- The Washington Times - Friday, May 1, 2015

A former official of the Port Authority of New York and New Jersey appointee by Gov. Chris Christie pleaded guilty Friday in the role he played in the 2013 George Washington Bridge scandal.

David Wildstein, a former ally of the New Jersey governor, pleaded guilty in federal court in Newark to two counts of conspiracy. He also has indicated that he is cooperating with federal prosecutors in the 16-month federal investigation.

A federal judge also later in the day unsealed indictments against Bridget Anne Kelly, Mr. Christie’s former chief of staff, and Bill Baroni, then-deputy executive director of the Port Authority and another Christie appointee, on nine counts related to shutting down the lanes on the bridge in an act of political retribution against the mayor of Fort Lee Mark Sokolich, who refused to endorse Mr. Christie’s re-election campaign in 2013.

“Based on the evidence currently available to us, we’re not going to charge anyone else in this scheme,” U.S. Attorney Paul Fishman said at a news conference.

Mr. Christie has denied any knowledge of the decision to engineer the traffic jams.

“Today’s charges make clear that what I’ve said from day one is true, I had no knowledge or involvement in the planning or execution of this act,” Mr. Christie said in a statement.

“The moment I first learned of this unacceptable behavior I took action, firing staff believed to be accountable, calling for an outside investigation and agreeing to fully cooperate with all appropriate investigations, which I have done. Now 15 months later it is time to let the justice system do its job,” he said.
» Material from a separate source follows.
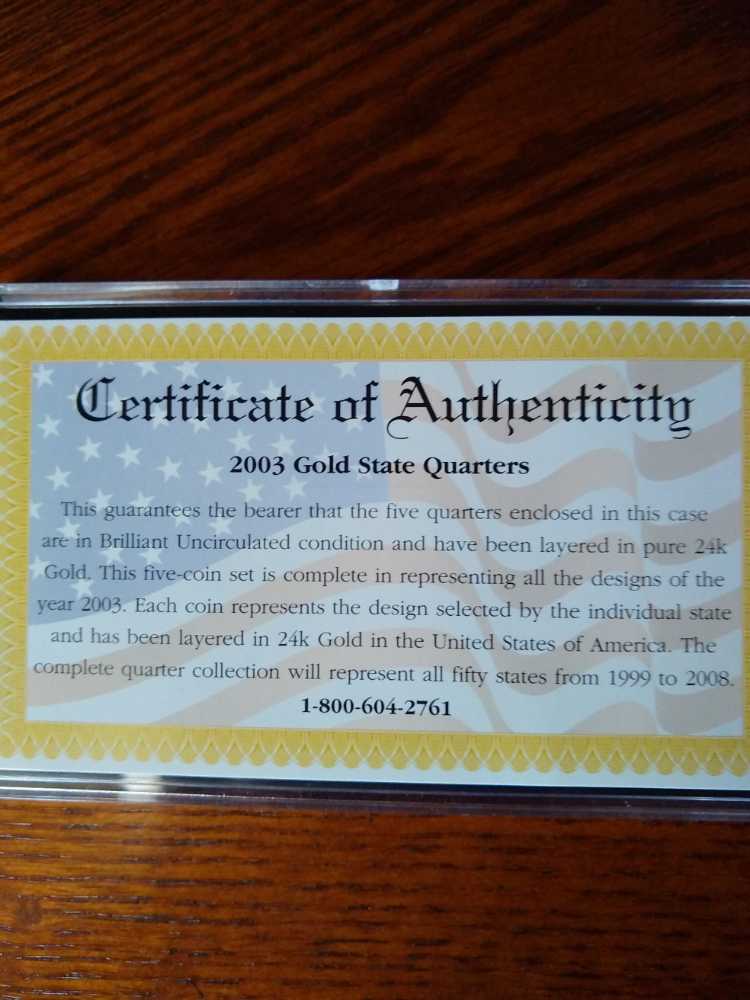 CSN 2003 State Quarter Gold  coin collectible - Main Image 4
But Mr. Wildstein’s attorney, Alan Zegas, reiterated that Mr. Christie “knew of the lane closures as they occurred” and said “evidence exists” to show that is the case.

Ms. Kelly responded to the indictment at a press conference, calling Mr. Wildstein “a liar” and vowing to defend herself by spelling out the truth of what happened with the jury.

“With regard to the charges that have been brought against me let me make something very clear, I am not guilty of these charges,” she said. “I never ordered or conspired with David Wildstein to close or realign lanes at the bridge for any reason, much less for retribution.”

Ms. Kelly also said it is “ludicrous” for the indictment to suggest that she was the only person in the governor’s office aware of the bridge issue.

“I will fight relentlessly to clear myself of these charges and will work to regain my reputation, and restore a sense of normalcy for my four children,” she said.